Table 2. Sequencing depth in Iso-Seq.

4. Applications in Plant Transcriptome Research

Isoform sequencing by long reads is a revolutionary technology in plant transcriptome study. The new Iso-Seq provides full transcripts up to ~10 kb from the 5′ cap to the polyA tail, avoiding read reconstruction from local information. It can retrieve most of the expressed transcripts as full-length sequences, alternative isoforms, and duplicated genes. It provides a broad spectrum of gene structure and transcriptome diversity, serving as a valuable resource to the plant research community, including:

(1): Iso-Seq can provide a reference transcriptome for the new non-model plant whose reference genome is not yet available, contributing to improved gene models and the genetic improvement in plants [20,22].
(2): Iso-Seq can generate full-length transcripts, which is fundamental to a newly sequenced genome. It provides golden evidence via alignment against genome to direct delimitate exons, splice sites, and alternative splicing junctions. The continuous sequences guarantee the better accuracy of gene annotations compared to expressed sequence tag (EST), RNA-Seq, and homology inference [30].
(3): Iso-Seq enables the improvement of the existing genome annotations or even highly characterized plant genomes such as wheat and maize that are far from complete with respect to the identification of novel genes, AS, and APA [13,14].

Here we summarize the aspects of Iso-Seq applications in terms of genome annotation, the discovery of AS and APA, and the detection of fusion genes and methylation.

4.1. Genome Annotation

FLNC reads can be mapped against the reference genome using a genome mapping and alignment program (GMAP) [31]. These mapped reads can structurally and functionally annotate the genome, as well as improve genome assembly [14]. A method of validating gene models using PacBio cDNA reads has been developed, and it is shown that long reads are well suited to identify reliable gene models in de novo annotation of plant genomes. Using the training data of 2794 gene models from SMRT reads, the specificity and the accuracy of the annotation program were improved, leading to a total of 26,923 genes predicted in sugar beet [21]. Basically, most reads that could be mapped to one unique location in the genome. These reads are useful to define the gene structure and the junction of exons and introns. Transcripts that could not map to any annotated genes were defined as novel genes. Novel genes and corresponding functions could also be identified by using BLASTX against a known protein database. For instance, 2171 transcripts that were not overlapped with any annotated gene were identified as novel protein-coding genes in sorghum [16]. The missing hits of 1213 transcripts against the National Center for Biotechnology Information (NCBI) non-redundant nucleotide database and Rfam were defined to be potential novel genes in coffee. The captured longer UTRs also facilitated the identification of upstream open reading frames (ORFs) in coffee [22]. Some novel genes do not have coding potential with no more than 100 amino acids in the ORF are determined as potential lncRNA. In maize, 867 transcripts with a mean length of 1.1 kb were identified as novel high-confidence lncRNAs [13,32].

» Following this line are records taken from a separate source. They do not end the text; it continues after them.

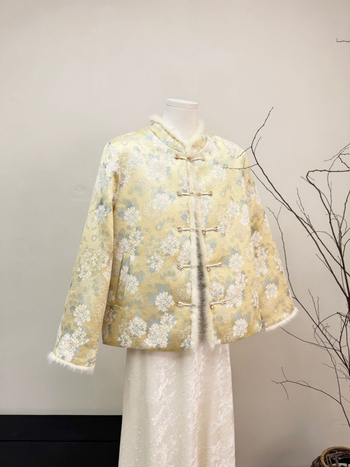 Ženska reverzibilna jakna s punom od bijele patke i pravog minka, stojeći ovratnik, dugi rukavi, standardna duljina, zima 2025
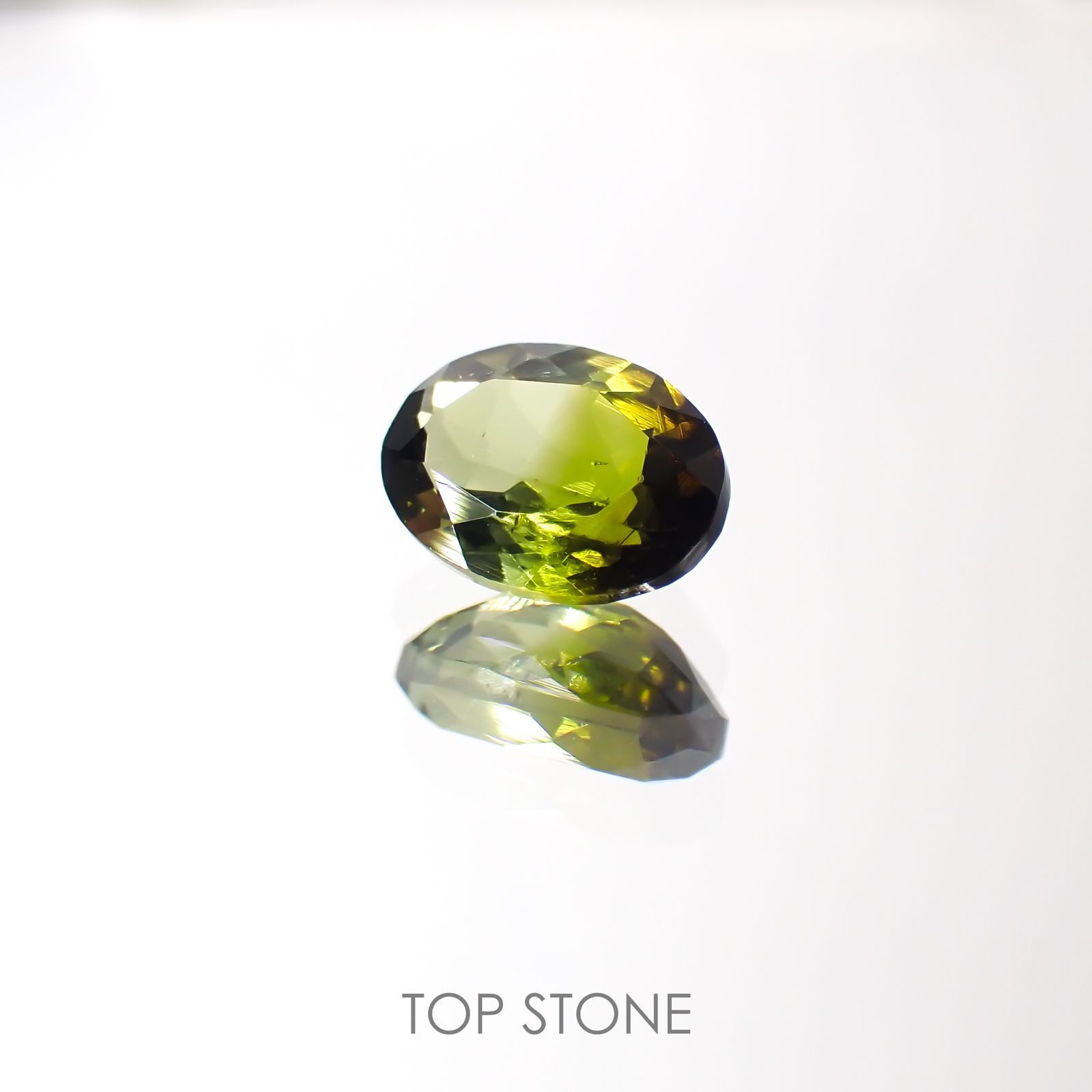 IRODORI STONE バイカラーサファイア 0.39ct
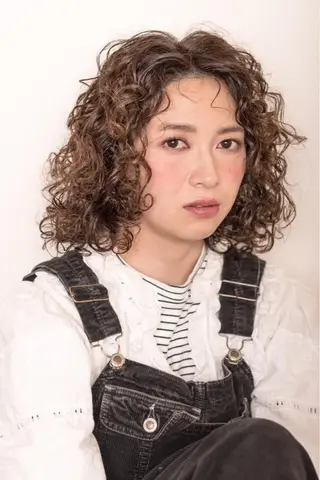 セミロング カラー パーマ AND THE BRICKS北川珠紀の眉毛・アイブロウイメージ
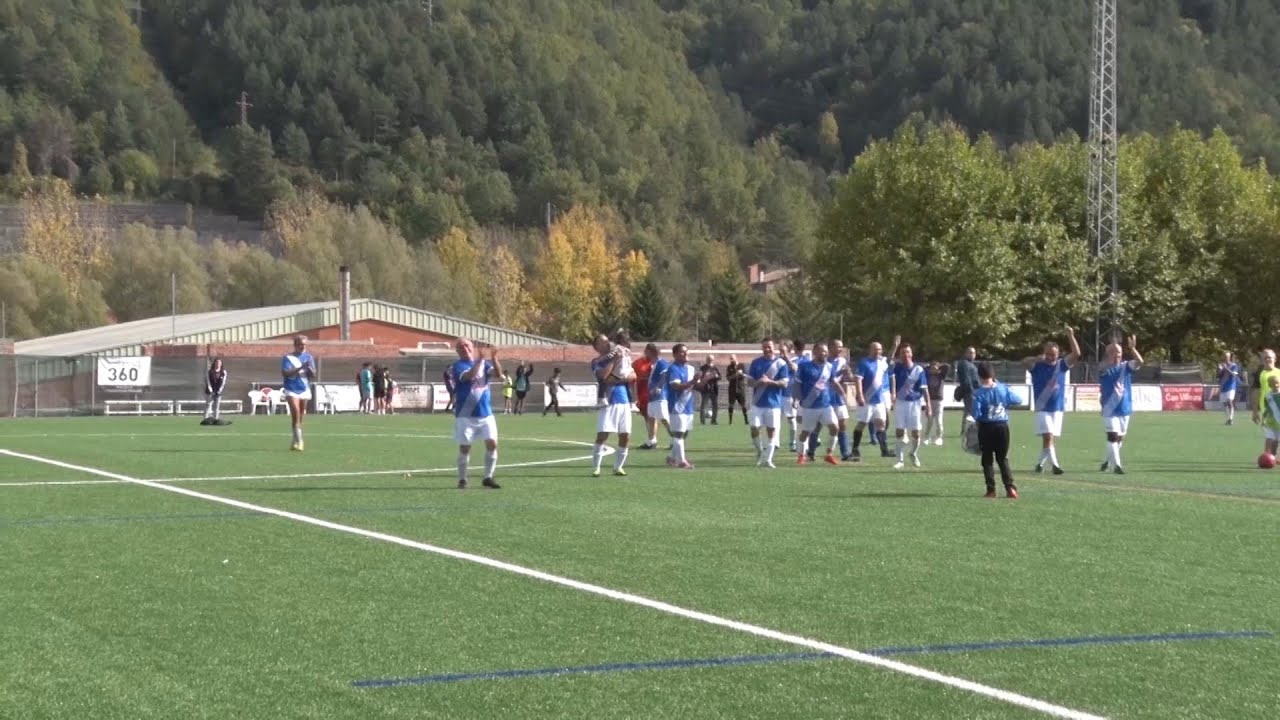 Amist&oacute;s de veterans entre el CF Ripoll i el Bar&ccedil;a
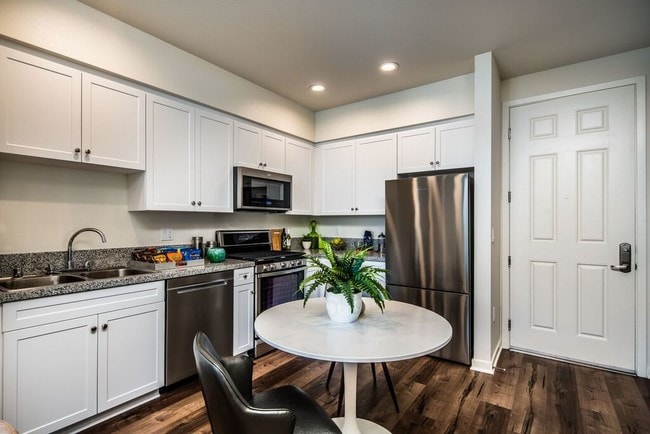 Photo - APT 1836 SICHEL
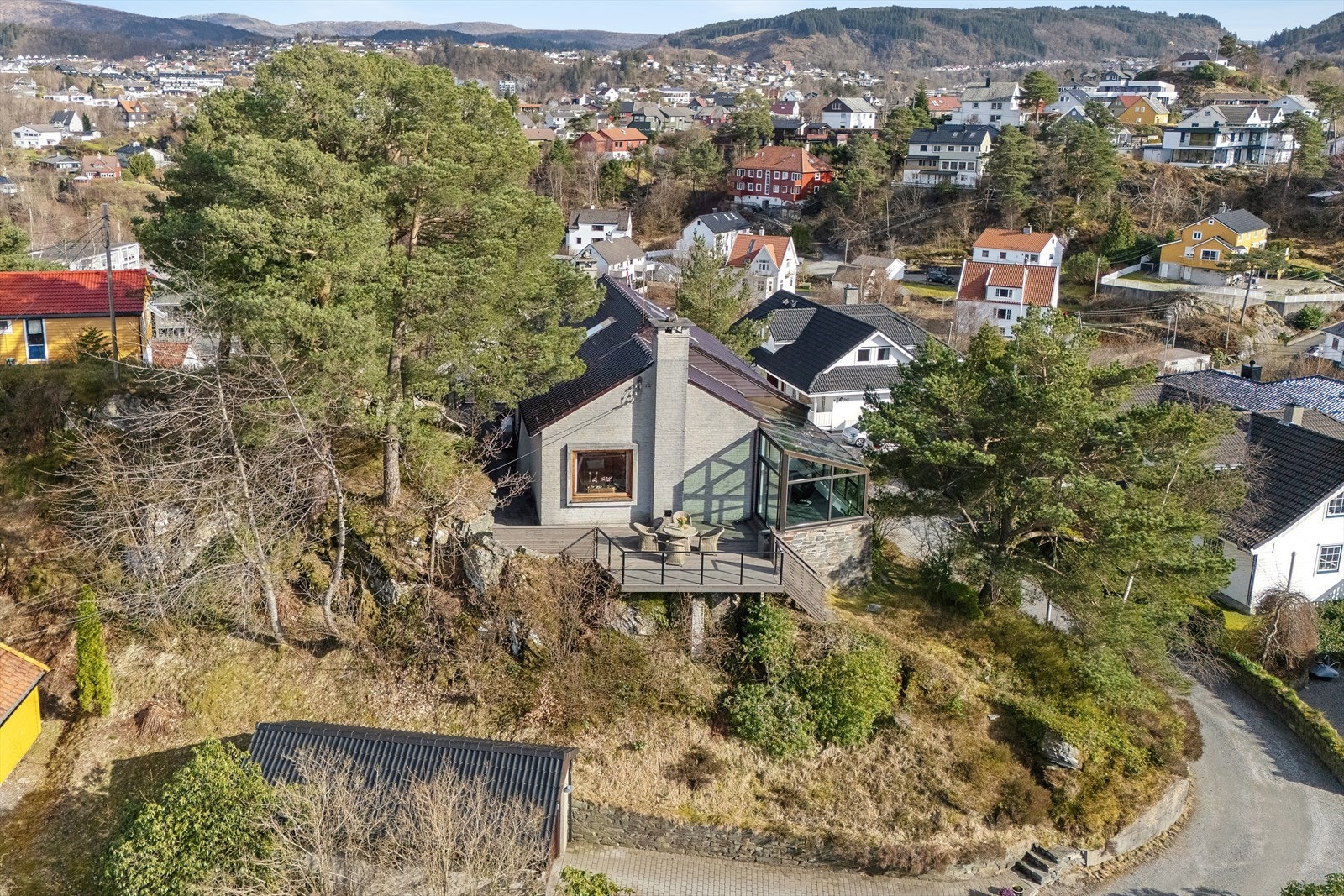 Her bor man hevet over de andre husene. Dette sikrer lys og lite innsyn. Galleribilde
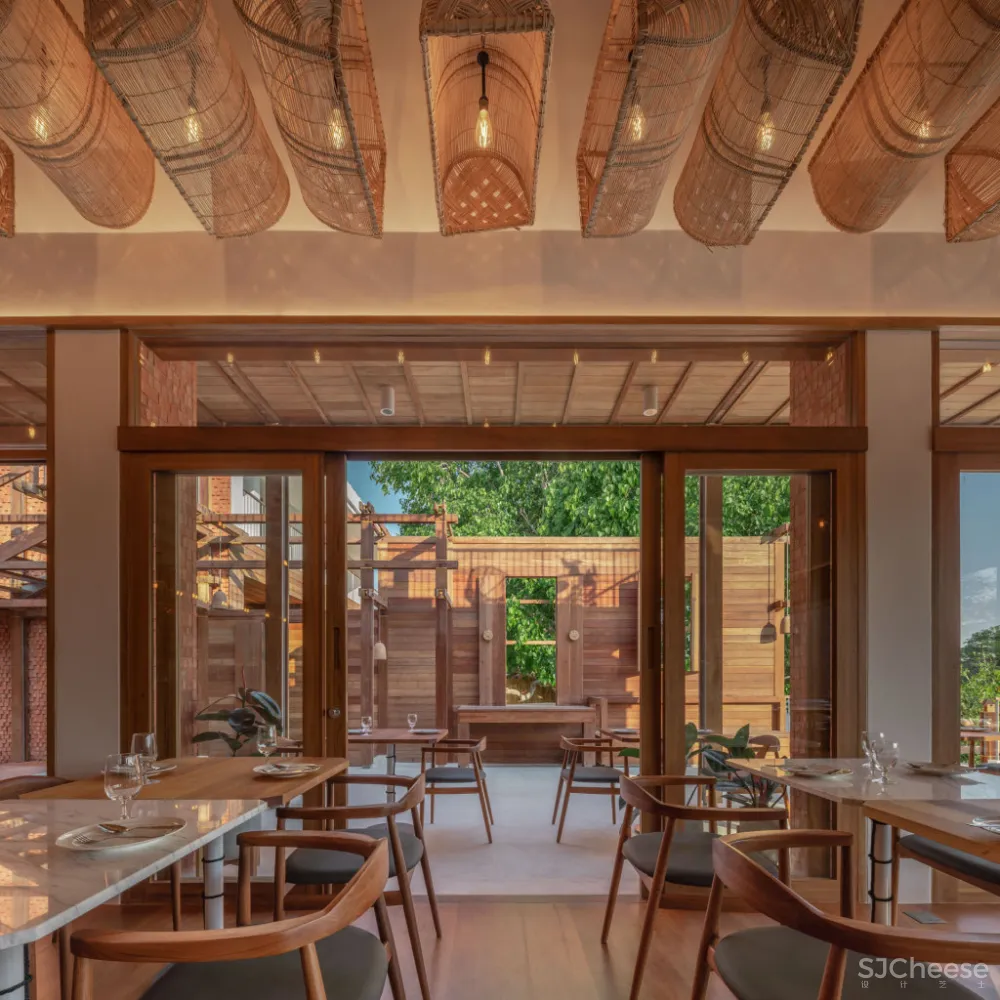 Onion-用红砖在泰国湄南河边营造的2家度假酒店!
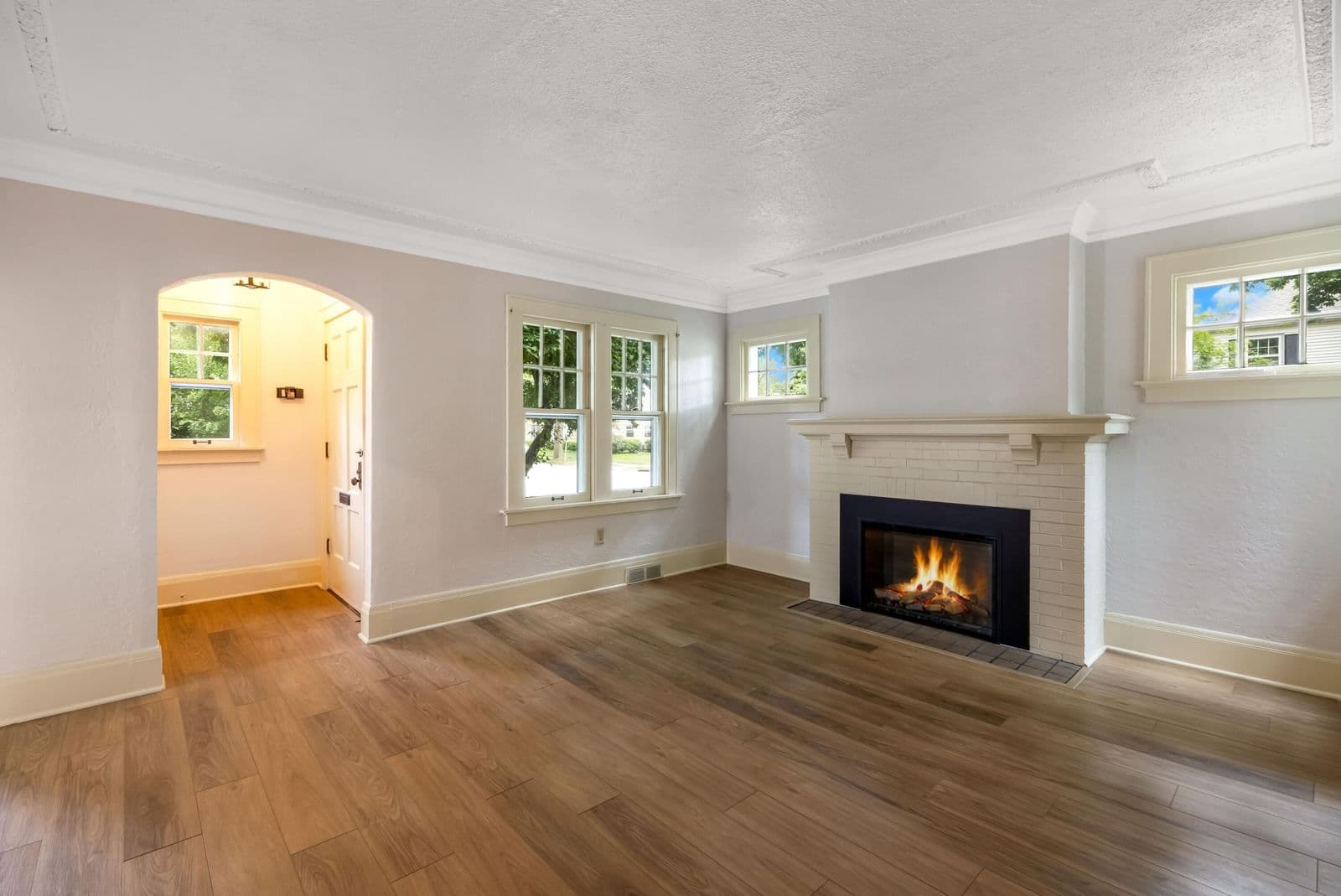 5901 Shoreland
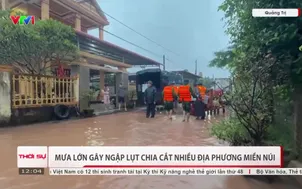 Mưa lớn gây ngập lụt chia cắt nhiều địa phương miền núi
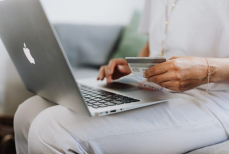 Простые правила, как защитить свои банковские карты от мошенников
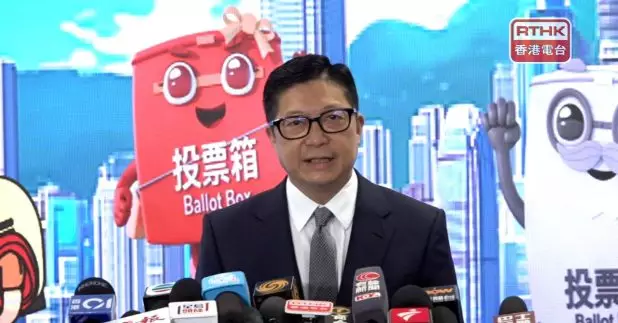 鄧炳強說，任何人以這兩個組織成員行事、意圖煽動他人加入這兩個組織、參與這兩個組織的活動或提供援助等都屬違法。（葉燿坤攝）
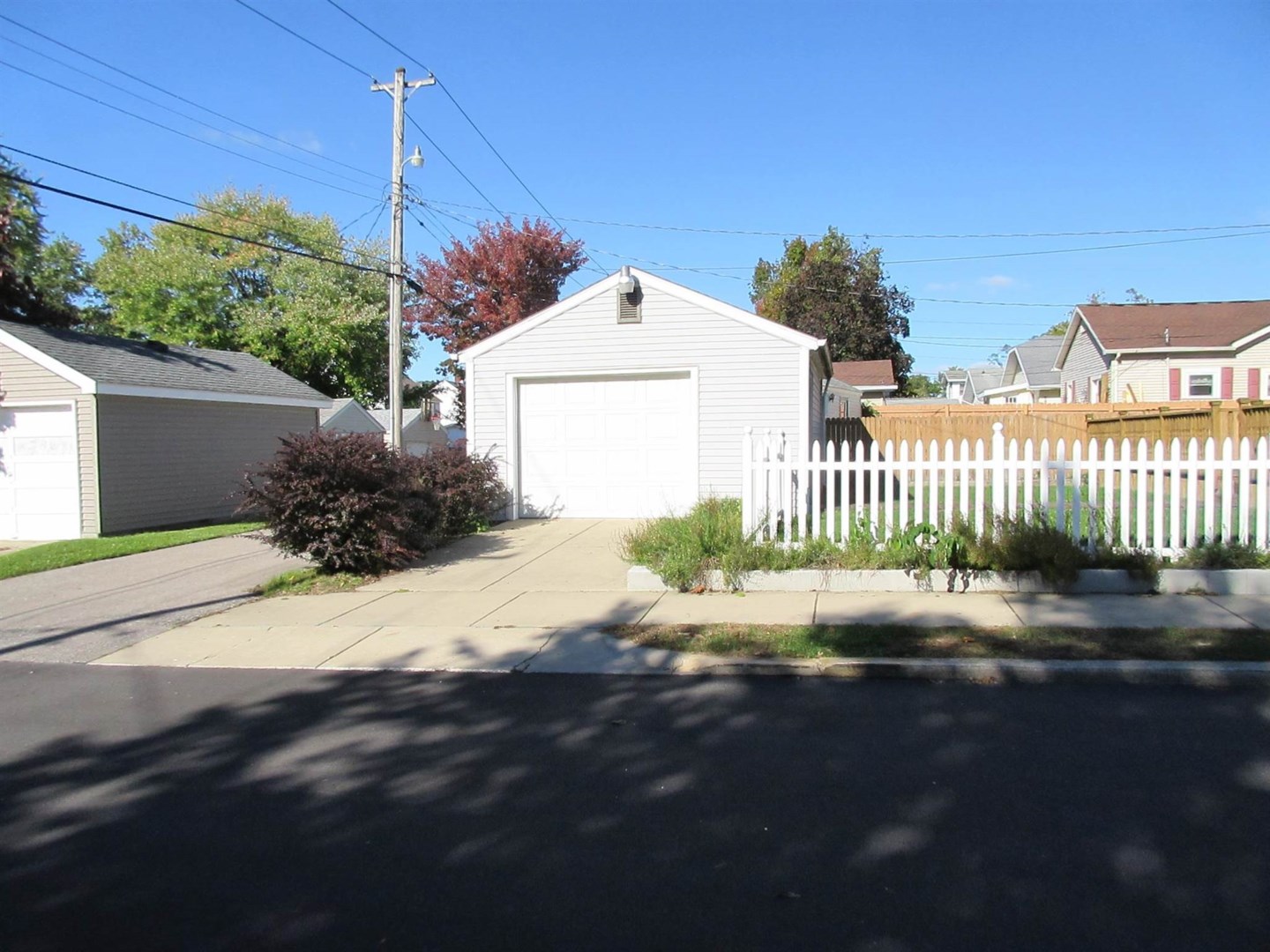 Wenger Ave, Mishawaka, IN 46544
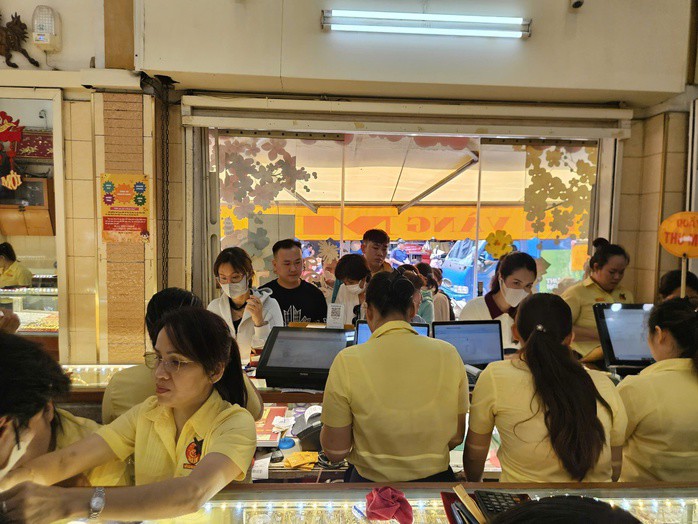 Nhu cầu mua vàng luôn có dù giá vàng miếng SJC, vàng nhẫn cao chót vót. Ảnh: LAM GIANG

Some reads show multiple best alignments across the genome, which are most likely transcribed from highly similar homologous loci. The reads with partial mapping to two or more adjacent annotated genes indicate that these genes may be mis-annotated split genes, which are useful to improve the gene model annotation. For example, a total of 2241 genes were mis-annotated as multiple split genes, which could be merged into 1092 new loci in bamboo [15]. The remaining reads with low-quality or no significant mapping to the reference genome could be due to the missing sequences in the current draft genome that may aid future annotation of the chromosomal loci. In addition, the unmapped reads could be derived from the variety-specific genes when the mapped reference and sequenced plants are different. These variety-specific genes may also be valuable in helping genetic analysis of the traits unique in varieties. A total of 197,709 full-length non-chimeric reads were retrieved from the isoform sequencing of common wheat. The structures of 13,162 known genes were validated and 3026 novel genes were newly discovered. Additionally, 180 transcripts were found spanning two or three previously annotated adjacent loci, suggesting the contiguity of these contigs [14]. The survey of transcriptome isoform diversity by using single-molecule cDNA sequences is becoming a landmark for gene discovery and annotation in sorghum [16], maize [13], Amborella [17], strawberry [12], bamboo [15], and Salvia [18] (Table 3).

Table 3. Plant genome annotation by using Iso-Seq.

4.2. Alternative Splicing and Alternative Polyadenylation Discovery

AS is prevalent in most plant genomes [33,34]. This phenomenon leads to multiple isoforms of individual genes, which dramatically increases the complexity and flexibility of the entire transcriptome and proteome. Several modes of alternative splicing are found in genomes including exon skipping (ES), alternative 3′-acceptor (AA), alternative 5′-donor (AD) mutually exclusive exon (MEE), and intron retention (IR) (Figure 3a). Several AS identifiers have been developed, such as a program to assemble spliced alignments (PASA) [17], SpliceGrapher [35], CASH [36], and the method of Astalavista et al. [37] to delimitate gene structure (Table 4). The AS event is surprisingly common in sorghum (10,053) [16], Amborella (4879) [17], and bamboo (21,154) [15] (Table 3).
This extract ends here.